My Housemate, Mike, Died

My housemate, Mike, died. I have a few housemates, as my landlord owns the house I’m in and the one next to mine. I guess, technically, Mike wasn’t my housemate, as he lived next door. But we’re all part of the same acquaintanceship, more or less.

I didn’t know him well. He was thin, around sixty, had a brown dog. Negative person. Always complaining about health problems until the ambulance came and took him away for liver problems and he died in a hospital room. Or at least, that’s what we think. To my knowledge, no one came to visit.

He lived in that house with another person, an older woman. They did not get along. She always complained about him. We were suspicious when, after he died, she took all his stuff out his room and sold it, claiming he willed it to her via word of mouth.

We asked around about his family. We found out he had an ex-wife, kids. They had disowned him several years ago and apparently his death meant nothing to them. We don’t know why. He’s not around to tell his side of the story.

I asked a couple of my other housemates where he worked. He was a barber, I found out, at the local base. He didn’t have a car; he biked to work when he was healthy. We talked to his boss, and his boss said Mike had no friends; didn’t know anybody.

A stranger came to the house a couple days after he died, claiming to be the closest to family Mike had. She said he had once lived with her and her boyfriend. I had to go to work, but I took her to talk to the woman who had been Mike’s housemate.  She was eying the stranger suspiciously as I stepped away.

One of my housemates, a guy in his late fifties, said that we should set up a memorial service for him. He had converted from 17 years of being a Buddhist to the Greek Orthodox Church about a year ago, so the idea of a Christian memorial service seemed fitting to him. He asked if I’d attend, even though I was an atheist, as it would be a religious ceremony in order to respect Mike. I said that of course I would, but they didn’t say when it was so I missed the date when it came around.

I found out about the memorial second hand. The landlord was there and joked about how he’d have to clean out Mike’s room. The guy who set up the service, the fifty-year-old, said a prayer. Another guy played the guitar in the quiet evening and they sang a few random songs and drank beer.

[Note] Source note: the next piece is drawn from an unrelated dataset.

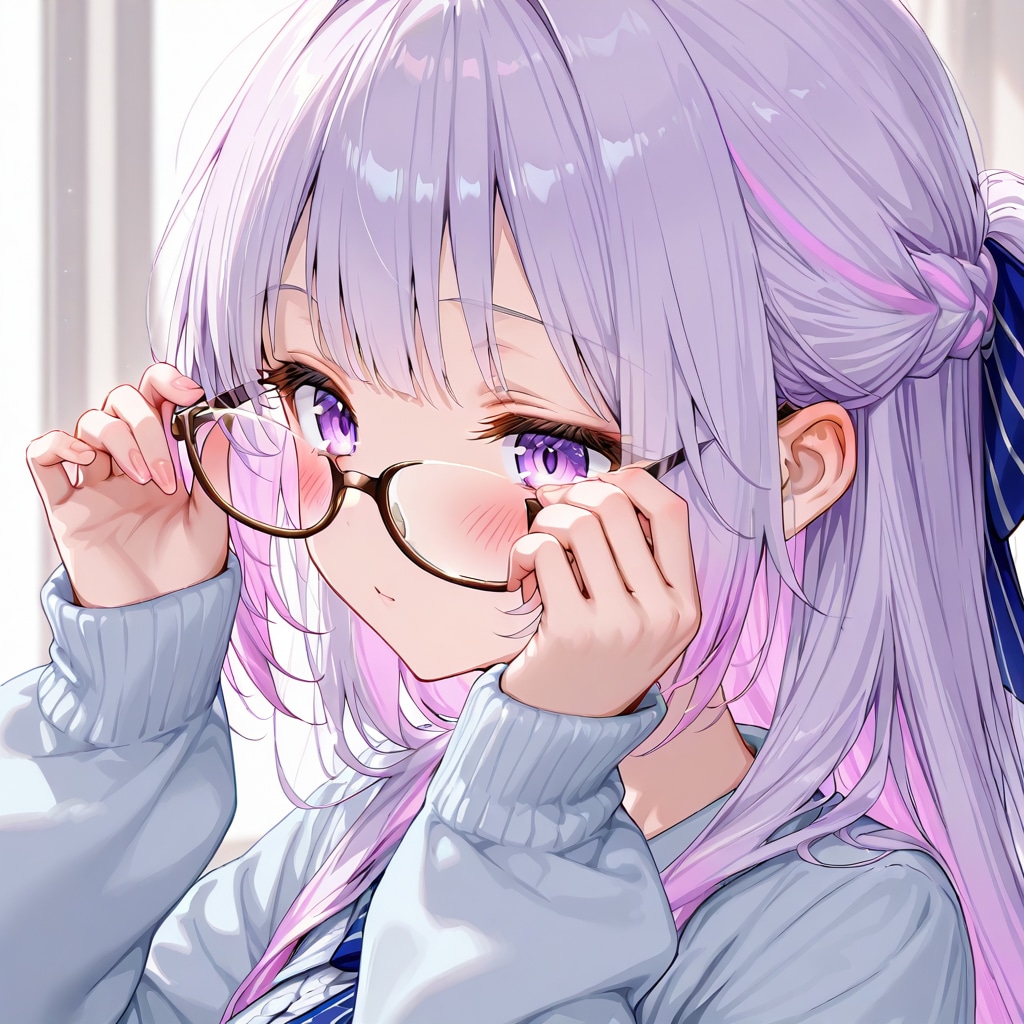 ねむちゃん040～眼鏡姿～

The state buried him in an unmarked grave two feet deep in a cheap box on a government plot; no one can visit him without trespassing.

And that was it. No funeral.

Me and my younger housemate, the petroleum engineer in his early twenties, listened to the story. The young housemate fumbled for a phrase that would sum it all up, some deeper meaning.

I tried, too; we failed.

We agreed it didn’t make sense to say it was shitty, because Mike was dead and didn’t care.

We eventually agreed that there isn’t any moral; it is just what it was and that is all.